During that trip he also tried repeatedly to meet officers at the C.I.A’s station in Moscow — housed inside the American Embassy — to press for closer ties with Russia’s spies. But C.I.A. officers in Moscow, who have an adversarial relationship with Russia, declined to meet with him.

Now, as Mr. Flynn, 58, prepares to play a leading role in setting national security priorities in the Trump White House, his pro-Russian tilt stands in striking opposition to the judgments of the intelligence agencies he will help oversee. In an extraordinary report released last week, the agencies bluntly accused the Russian government of having worked to undermine American democracy and promote the candidacy of Mr. Trump.
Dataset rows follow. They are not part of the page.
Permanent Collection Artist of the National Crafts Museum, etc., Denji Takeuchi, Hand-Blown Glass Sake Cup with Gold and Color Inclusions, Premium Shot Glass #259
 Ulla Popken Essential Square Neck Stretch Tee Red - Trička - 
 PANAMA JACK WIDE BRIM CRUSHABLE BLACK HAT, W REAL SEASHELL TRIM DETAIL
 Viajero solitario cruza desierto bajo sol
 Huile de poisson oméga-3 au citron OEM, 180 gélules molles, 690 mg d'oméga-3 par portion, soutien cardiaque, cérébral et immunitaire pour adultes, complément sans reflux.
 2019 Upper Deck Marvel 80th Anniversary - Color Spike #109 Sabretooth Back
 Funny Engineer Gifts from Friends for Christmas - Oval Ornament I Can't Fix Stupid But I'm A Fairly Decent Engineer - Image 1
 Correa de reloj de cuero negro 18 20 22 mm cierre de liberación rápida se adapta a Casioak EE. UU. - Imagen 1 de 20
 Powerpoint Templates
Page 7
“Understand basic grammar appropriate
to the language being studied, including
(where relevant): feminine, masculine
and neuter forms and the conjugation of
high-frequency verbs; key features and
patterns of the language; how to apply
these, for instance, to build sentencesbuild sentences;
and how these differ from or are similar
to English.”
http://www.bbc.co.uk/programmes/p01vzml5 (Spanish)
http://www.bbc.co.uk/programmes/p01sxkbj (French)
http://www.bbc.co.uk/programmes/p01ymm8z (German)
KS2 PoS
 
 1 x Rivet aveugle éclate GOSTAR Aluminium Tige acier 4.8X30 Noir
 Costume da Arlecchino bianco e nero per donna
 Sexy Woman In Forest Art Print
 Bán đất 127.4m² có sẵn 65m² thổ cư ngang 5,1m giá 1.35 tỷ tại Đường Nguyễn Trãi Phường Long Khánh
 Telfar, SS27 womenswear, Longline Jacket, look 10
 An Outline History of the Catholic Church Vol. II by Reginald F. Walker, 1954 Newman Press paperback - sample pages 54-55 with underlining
The report is likely to renew questions about Mr. Flynn’s avowed eagerness to work with Russia, and his dismissal of concerns about President Vladimir V. Putin, which have at times exceeded even that of Mr. Trump himself. Neither has shown any indication of being swayed by the intelligence report on Russian meddling, and the two will within weeks be in a position to reorder American priorities in favor of closer ties with Moscow.

Any shift toward Moscow would very likely put the new administration in direct conflict with senior military commanders and intelligence officials, as well as powerful Republicans, like Senator John McCain of Arizona, the chairman of the Armed Services Committee. It may also rankle some of Mr. Trump’s own cabinet nominees — Gen. James N. Mattis, his choice for defense secretary, and Representative Mike Pompeo of Kansas, the nominee for C.I.A. director, pushed the Obama administration to take a harder line on Russia.
Most people forget that Flynn was fired from the DIA because his obsession with all things Muslim, to the exclusion of all other threats, became delusional. It reminded too many people of Sterling Hayden's Gen Jack D Ripper and his obsession with bodily fluids in Dr. Strangelove. And we remember how that turned out.